If you are talking about the effect of Earth’s gravity at reasonably close to the surface of the planet (since gravity’s effects decrease with distance and increase with proximity) an object at rest with respect to the planet surface is under a constant acceleration of 1 g, but can’t go anywhere because a solid object (the planet) blocks the progress towards the center of the Earth. An object in free-fall - such as a skydiver - undergoes the same 1 g acceleration until reaching terminal velocity, the point at which the drag of the body falling through the atmosphere prevents greater speeds. At that point, the skydiver is no longer accelerating, merely maintaining speed. In a vacuum, with no air to impose drag and, asssuming in orbit, no planet to block the way, the object/person in question falls and continues to fall towards the center of the Earth. If the speed is sufficient, the object/person will overcome the force of gravity.
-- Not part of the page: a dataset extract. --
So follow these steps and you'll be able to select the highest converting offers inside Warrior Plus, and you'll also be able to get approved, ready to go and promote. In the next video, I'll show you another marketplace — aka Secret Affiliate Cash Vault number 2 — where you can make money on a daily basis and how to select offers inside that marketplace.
If not, the object/person will either remain in orbit or eventually fall to the surface (on the way to the center).

In all of the above cases, the acceleration is 1 g (until reaching terminal velocity, if applicable), or close enough for the present discussion.
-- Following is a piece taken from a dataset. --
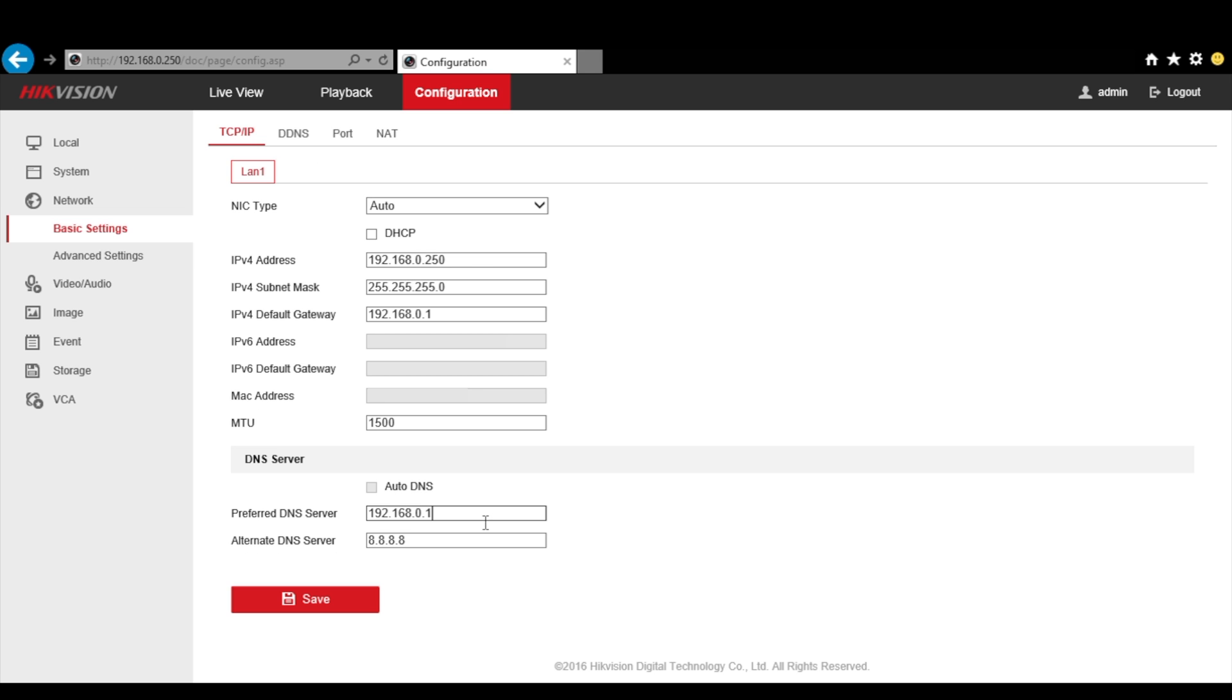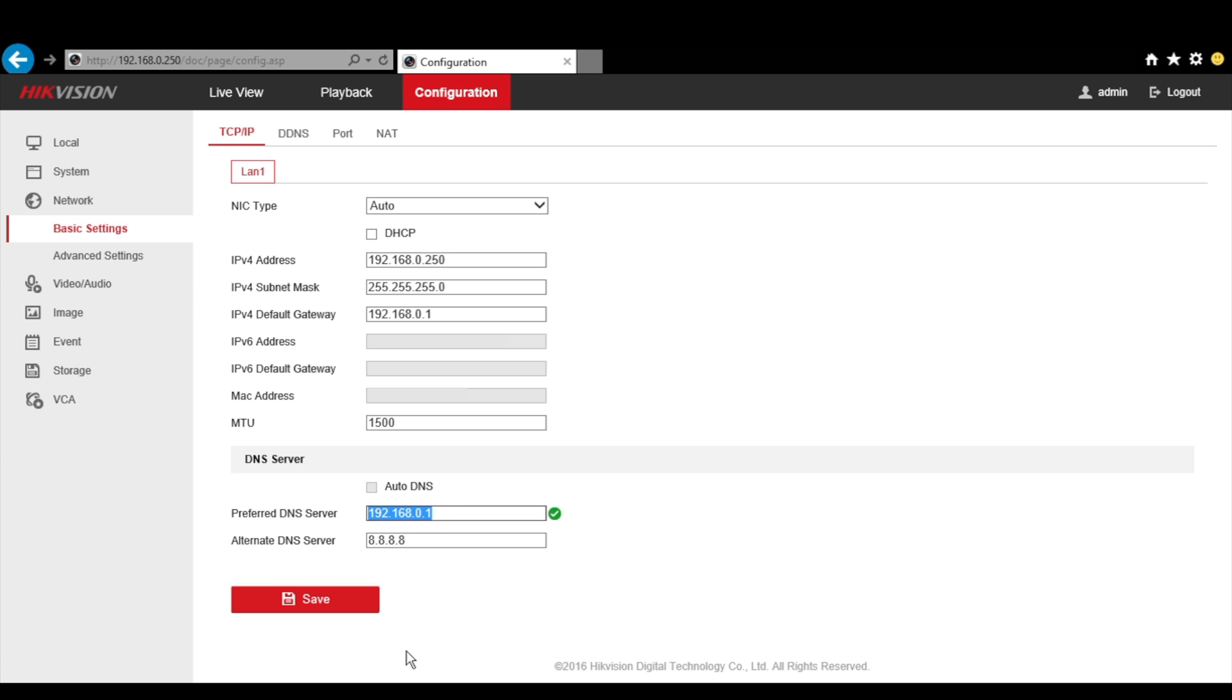Down here in DNS server, input your default gateway address, the same one as in IPv4 default gateway above. If you don't know what your default gateway is, click on the link on the upper right corner to find out. Set the Google DNS as alternative, which is 8.8.8.8. Then don't forget to hit save.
A continuous 1 g acceleration is indistinguishable from 1 g of gravity. It doesn’t matter whether you believe this or not, it just is. Physics is like that.

Oh, like I don’t have to read the damn regs enough as it is. Buddy, I don’t design 'em, I fly 'em.

31

I give up.

32

Not quite, Broomstick. If you’re in free-fall, then your accelerometer will read zero. Once you reach terminal velocity, your situation is the same as that of a person standing on the surface, and your accelerometer will read 1 g upwards. Standing on the surface, your accelerometer will also say that it’s one g upwards. If you’re in deep space, far from any massive bodies like the Earth, then your meter will tell you whatever the acceleration is produced by your rocket’s engines.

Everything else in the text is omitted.